The exodus of migratory species substantially reduces the number of birds available for observation during the winter months here in the northern Rocky Mountains. However, while some species are absent during the snowy season, others are actually more visible. Such is my experience with members of the corvid clan such as Common Ravens, Gray Jays and Black-billed Magpies.
Among birds, the corvids are the whiz-kids. Last fall, I tacked a piece of suet from an Elk I was butchering to an aspen tree, hoping to attract some fat-loving birds such as Northern Flickers or Downy Woodpeckers. Within an hour the morsel attracted the attention of a Black-billed Magpie with exceptionally long tail feathers. Five months later a single Magpie appearing to be the same individual occasionally visits the tree. At times it peers in my window, seemingly begging for another morsel.

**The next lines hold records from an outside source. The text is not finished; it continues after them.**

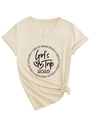 Dettaglio della stampa Girl's Trip 2025 su t-shirt crema con scollo a V e risvolti - S / Sabbia (Carattere Nero)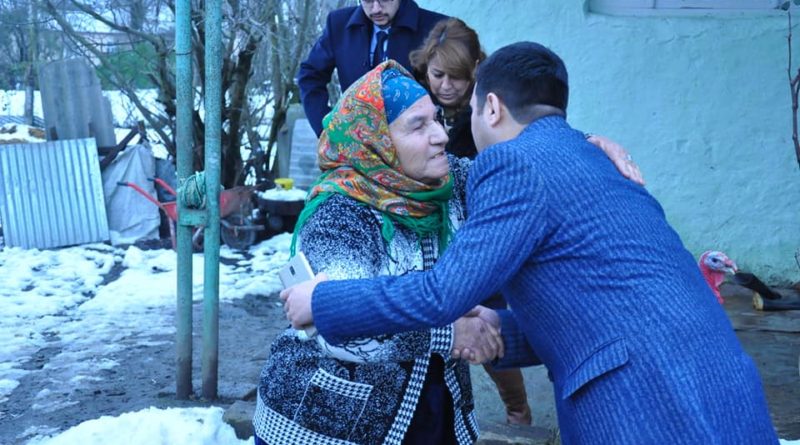 Deputatlığa namizəd Fərid Şahbazlı seçicilərlə görüşlərə şəhidin ailəsini ziyarətlə başlayıb-FOTOLAR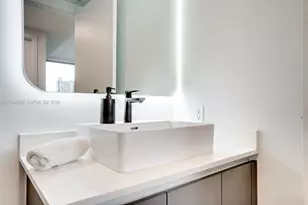 227 NE 2nd St, Miami, FL 33132 - Photo 12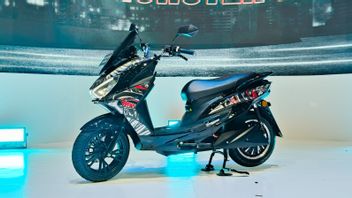 Polytron Gandeng Artist Darbuthuk, lance une moto électrique Fox-R édition limitée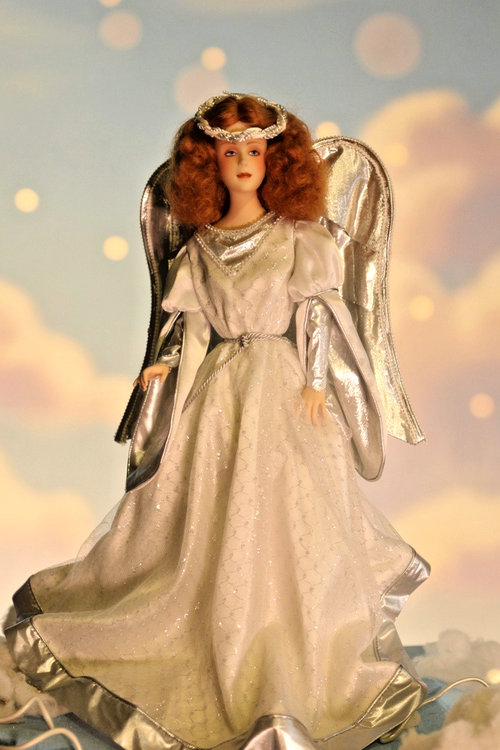 Franklin Mint Heirloom Doll "The Heralding Angel, 1988" - LADYBIRD LAUGH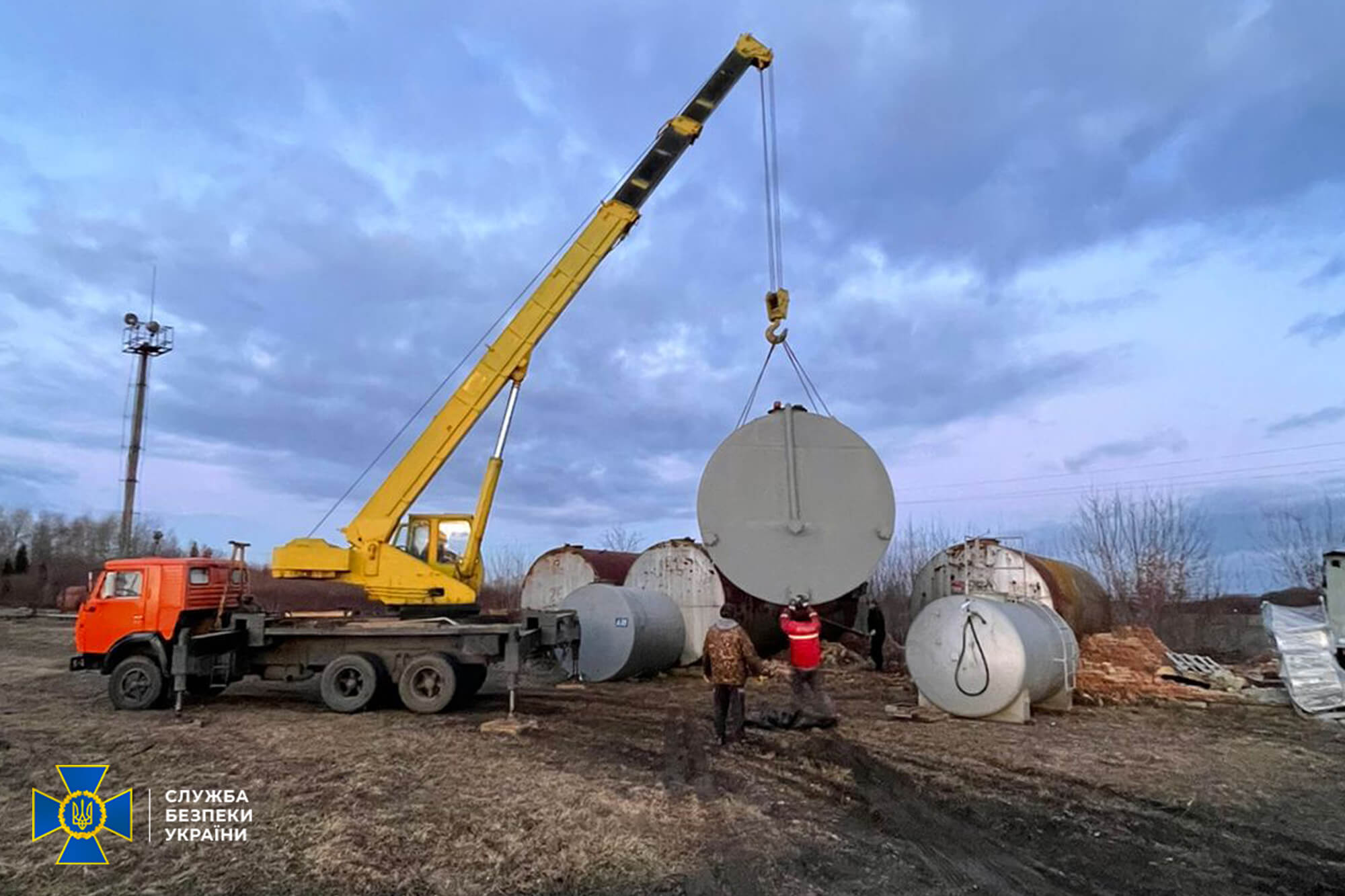 На Прикарпатті СБУ викрила мережу АЗС на торгівлі контрафактним пальним (ФОТО)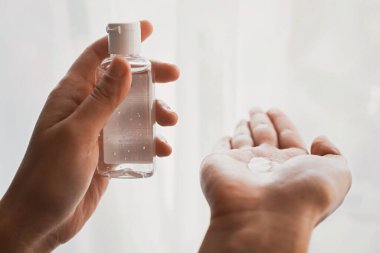 Dezenfekte eden eller. Virüs salgınını önlemek için beyaz ışıkta dezenfekte jeli kullanmak. Grip hastalığının önlenmesi. Ellerini düzgün bir şekilde temizleyip dezenfekte etmek..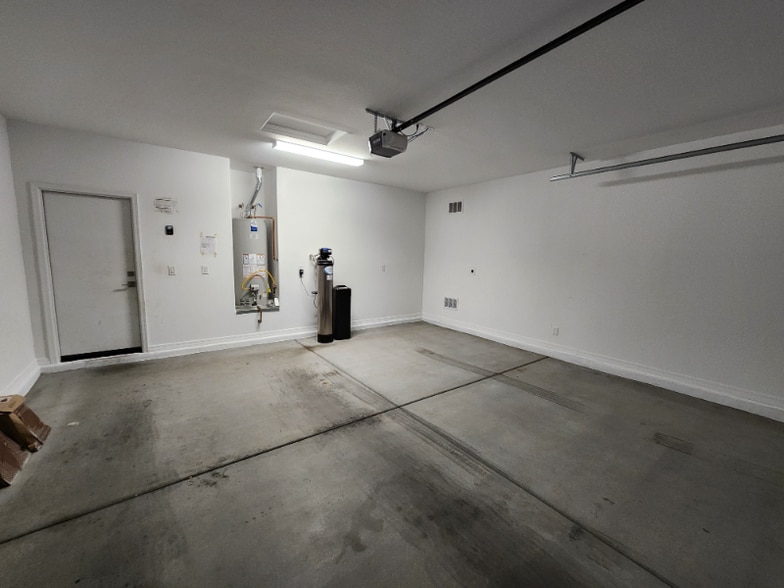 Building Photo - 8948 W Colter St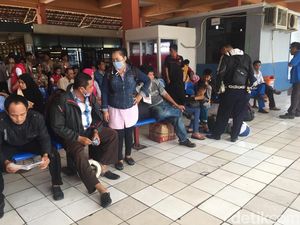 Terminal Kampung Rambutan Mulai Disesaki Pemudik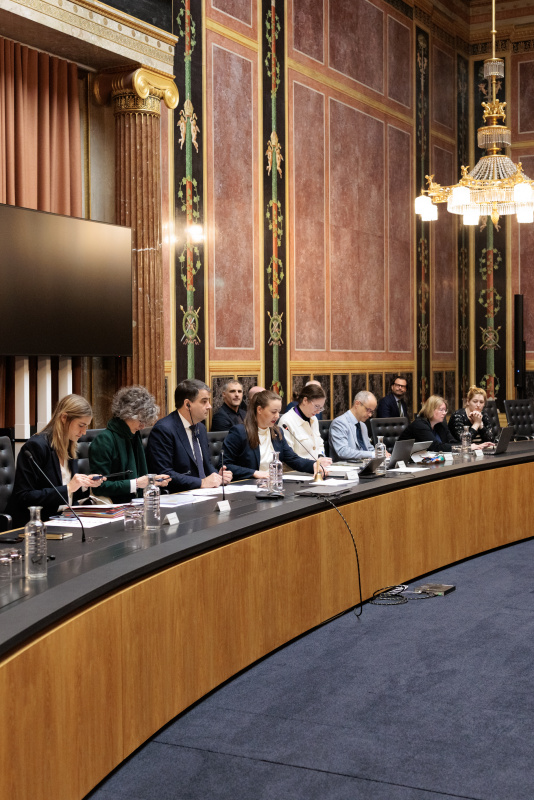 Vizepräsident der EU-Kommission Raffaele Fitto (3. von links), Vorsitzende des EU-Ausschusses des Bundesrates Bernadette Geieregger (ÖVP) (4. von links)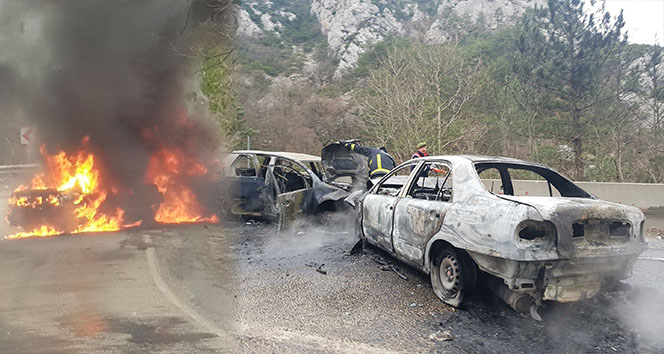 Bursa&#039;da iki otomobil alev alev yandı, faciadan dönüldü: 8 yaralı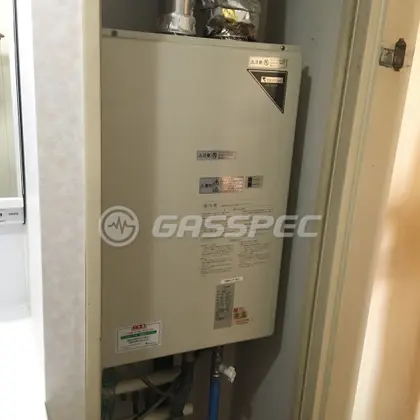 施工前の暖房熱源機（AD-243FFA）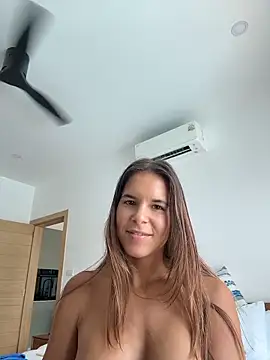 JuicyFruits93 live cam, Germany, Athletic, Brown, Big Ass - EroticFlix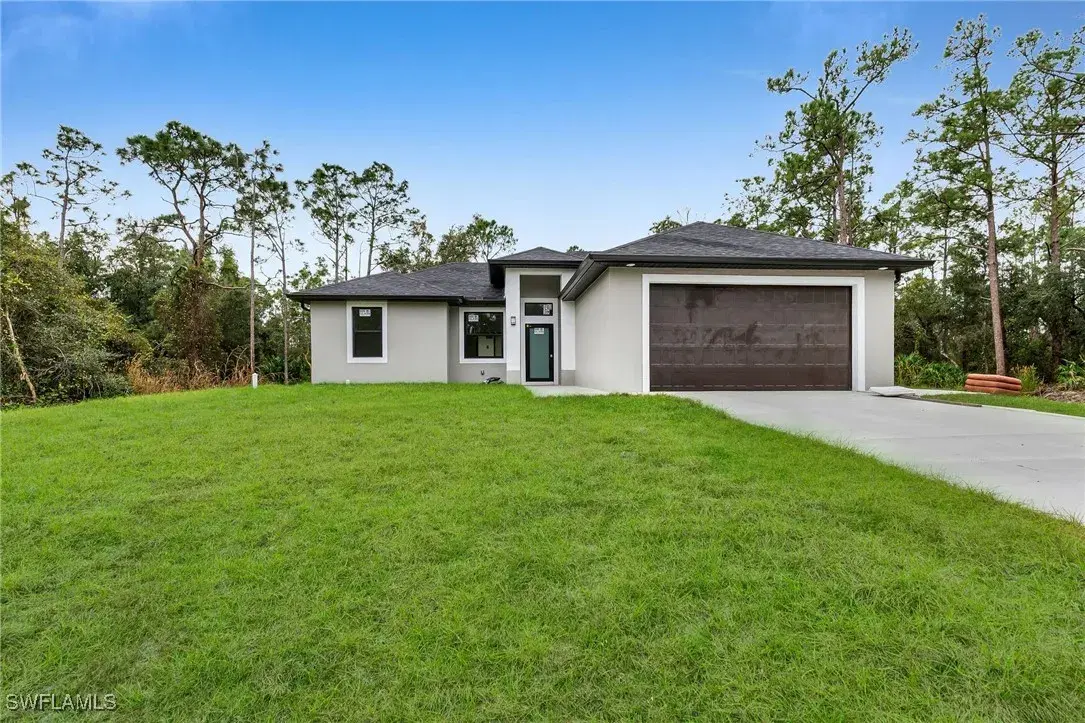 Picture of 2813 52Nd St Sw, Lehigh Acres, FL 33976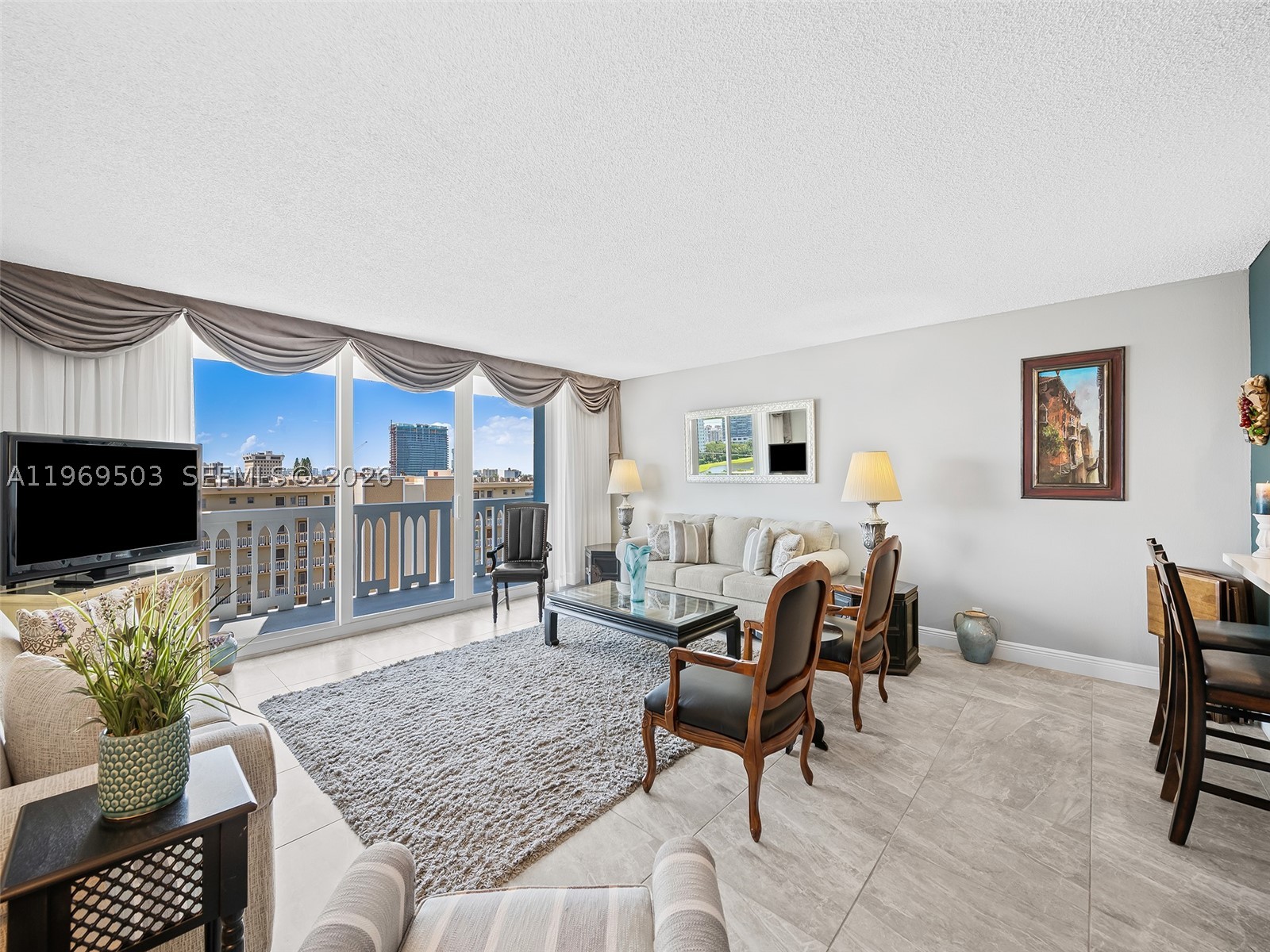 401 NE 14th Ave Unit 808 — photo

Far from unusual, this Magpie’s memory of a fleeting, but highly desirable food source is in keeping with its kind. Members of the corvidae family have demonstrated memory of cached food items a full nine months after hiding them. In tests of spatial intelligence, the ability of corvids exceeds most mammals, including dogs and cats. In fact, the problem-solving abilities of corvids are thought by many biologists to be on par with apes.
Just for fun, this morning I put a small scrap of stew meat in a crotch in the aspen tree. How long do you think it will take Mensa Magpie to find it?